My name is Alissa and i want to tell you my story. I have went threw so much to get to where i am and the things that i have been threw are not normal to say the lest for a human. I want to begin but before i do you should know i didn't think all this was possible or even real for that matter. But i promise you it is very real and not to be played with.
The following story will change your life. It will change everything you think you know. You will not know what comes next. So here goes nothing this is the beginning of my story.
My name is Alissa Marie Smithson and my life was about to change in more ways then i could even comprehend. Next week i will be moving to Maine. I currently live in Florida. I cant believe i am leaving this warm state. Maine is cold and full of rain and that reminded me of sadness. I didn't know what i would do there but I knew i was gone to be there for a while. I was moving in with my father. His name is Jacob he and my mother had separated when i was a young girl.
Sadly my mother died resonantly. A drunk driver had ran head into my mothers car. I'm here in Florida all alone. Nobody to care for me i mean i'm only 17 so there for someone should be keeping a eye on me. He sent me some money to get a plane ticket to come back to Maine. The last time i had seen my father or even Maine i was probably seven. I didn't know what to expect when i got there or who or what would be waiting for me there besides my father.

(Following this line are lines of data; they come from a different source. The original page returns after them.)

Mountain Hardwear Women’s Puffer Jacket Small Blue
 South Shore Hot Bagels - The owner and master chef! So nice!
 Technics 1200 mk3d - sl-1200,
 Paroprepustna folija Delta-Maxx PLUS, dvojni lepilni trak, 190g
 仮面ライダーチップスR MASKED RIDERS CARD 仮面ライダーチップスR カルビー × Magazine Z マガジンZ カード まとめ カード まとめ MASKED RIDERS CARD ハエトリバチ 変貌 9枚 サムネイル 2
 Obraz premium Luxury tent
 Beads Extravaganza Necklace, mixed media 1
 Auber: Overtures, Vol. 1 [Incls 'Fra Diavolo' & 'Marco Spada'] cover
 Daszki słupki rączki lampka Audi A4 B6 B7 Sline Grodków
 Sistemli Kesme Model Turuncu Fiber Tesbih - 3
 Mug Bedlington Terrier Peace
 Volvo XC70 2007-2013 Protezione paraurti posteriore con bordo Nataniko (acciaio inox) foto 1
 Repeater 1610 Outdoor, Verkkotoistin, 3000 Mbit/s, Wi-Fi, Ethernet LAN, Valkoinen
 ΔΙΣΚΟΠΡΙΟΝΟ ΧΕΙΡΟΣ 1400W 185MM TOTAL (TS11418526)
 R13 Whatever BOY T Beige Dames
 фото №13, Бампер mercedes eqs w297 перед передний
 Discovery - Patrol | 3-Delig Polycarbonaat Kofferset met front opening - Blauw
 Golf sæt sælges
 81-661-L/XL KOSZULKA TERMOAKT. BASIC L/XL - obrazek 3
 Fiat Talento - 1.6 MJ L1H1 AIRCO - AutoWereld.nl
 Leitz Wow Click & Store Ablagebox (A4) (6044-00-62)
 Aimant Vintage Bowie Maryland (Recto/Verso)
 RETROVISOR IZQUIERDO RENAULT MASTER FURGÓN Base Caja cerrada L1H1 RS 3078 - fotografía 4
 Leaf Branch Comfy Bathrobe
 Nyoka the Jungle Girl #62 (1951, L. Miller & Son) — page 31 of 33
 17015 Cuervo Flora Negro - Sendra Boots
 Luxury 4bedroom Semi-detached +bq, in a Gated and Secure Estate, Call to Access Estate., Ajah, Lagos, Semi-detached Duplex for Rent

I wonder if my best friend growing up was still in Maine. Some part of me missed him and wonder who Justin had become since we were both seven. That would make him 17 just like me. I have not seen or talked to Justin since we were seven. Would he even know who i was? Would he be the same boy i left ten years ago? I guess i would have to wait a week for all these answers.
My stomach making noises pulls me out of my thoughts. I guess in need to eat something i think to myself. I get up and go to the kitchen. This house makes me hurt everywhere i look reminds me of my mother. I miss her so much. Why couldn't i just turn off the pain? Or do i really want to turn it off? I guess none of my emotions were in cheek. I get into the refrigerator and grab me some stuff to make me a sandwich to eat. I knew deep down that i didn't even want to eat. But i guess i got to keep myself alive. After i did have my father to stay alive for. An Justin if he is even still there.